Penn has not won an Ivy League football championship since 2003, when it won its second in a row.
Harvard (6-2, 5-0 Ivy) is the two-time defending conference winner, looking for a three-peat tomorrow at noon when it welcomes the Quakers (6-2, 5-0) to Boston.
Add to that the fact that this weekend’s contest will decide the Ivy champ, and it’s no surprise that winning the crown will be on everyone’s mind.
Except, apparently, for the players and the coaches.
Penn coach Al Bagnoli insists that his team’s focus is on its opponent and not on some shiny piece of brass, or whatever they make trophies out of nowadays.
“We certainly have the greatest respect for the Harvard program,” Bagnoli said. “They’ve been easily the most consistent program in the league within the last five or ten years.”
And consistency, Bagnoli claims, is an extremely important factor in success on the gridiron.
Consistency in important positions — of which the Quakers now have some semblance, thanks to senior quarterback Kyle Olson — as well as overall consistency have been big concerns for the Red and Blue all year.

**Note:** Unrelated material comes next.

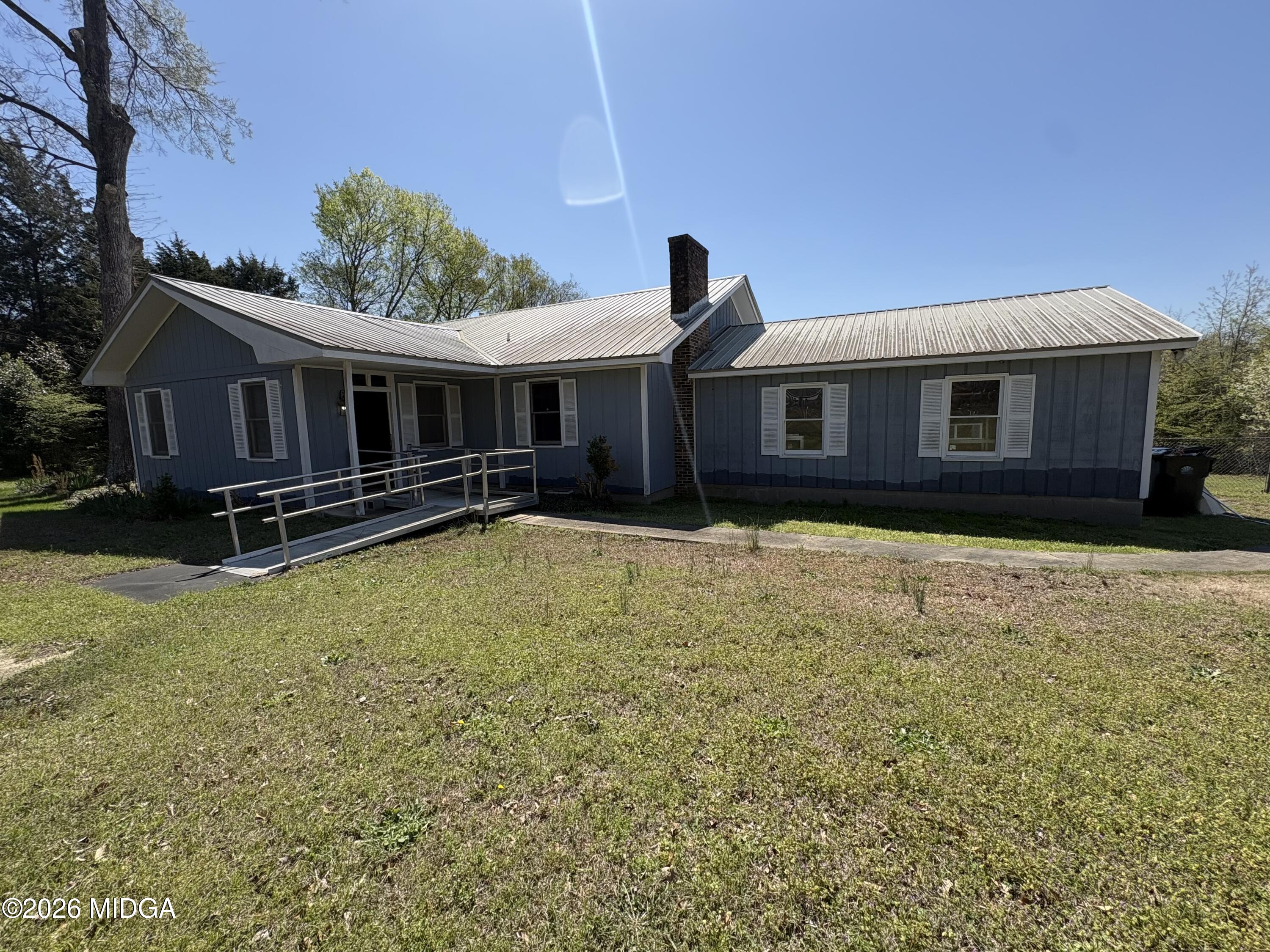 6403 Barfield Road Macon, GA 31216 - Photo 24 of 34 IMG_2189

But with two games left in the season, Bagnoli and his players seem to have settled into a groove, finding that consistency on both offense and defense.
Harvard coach Tim Murphy agrees.
“Our kids know that Penn is always going to be there [at the end of the season],” Murphy said in the weekly Ivy media teleconference. “You’ve got to play your best to beat the best and if you don’t do that against a team like Penn you’re simply not going to achieve those goals [of winning a championship].”
Both coaches are lauding their opponents so heavily, it seems too complimentary to be sincere.
But in a way, it kind of is sincere.
Penn has the No. 1 rushing defense and the second-ranked total defense in the Football Championship Subdivision.
Harvard’s rushing attack is best in the Ivies, 15th nationally.
And that’s not all.
Harvard’s deadliness, Bagnoli contends, lies in the fact that they don’t have any single dominant strength.
They are consistently good, through and throughout.
“They do everything well,” Bagnoli said. “I’m not sure they do things unbelievable … but collectively, from top to bottom, they’re really solid.”
This in turn makes it more difficult to pinpoint and eliminate aspects of the Crimson’s offensive and defensive attacks because there are no glaring errors in any facet of Murphy’s team.
Murphy doesn’t compliment every part of his adversary’s squad, as Bagnoli does, but rather points to rushing, both running on offense and stopping the run on defense, as the Quakers’ biggest weapon.
With two teams that both bring so much to the table, each possession will become that much more important.
Every time Olson and the Quakers get the ball, they will need to make sure they do not waste their opportunities.
This is just as true, if not more so, for Harvard quarterback Collier Winters, who can’t expect the Red and Blue’s defense to be anything less than wild-eyed, explosive and savage.
So holding on to the ball when they have it, and having their quarterbacks manage the game well, are two of Bagnoli and Murphy’s biggest concerns.
“On Saturday, the team that wins the ball control ratio will win this game,” Murphy said.
Bagnoli echoes Murphy’s sentiments.
“The team that does a better job protecting the football will win the game,” he said.
Whoever is able to do that can start polishing up the trophy case.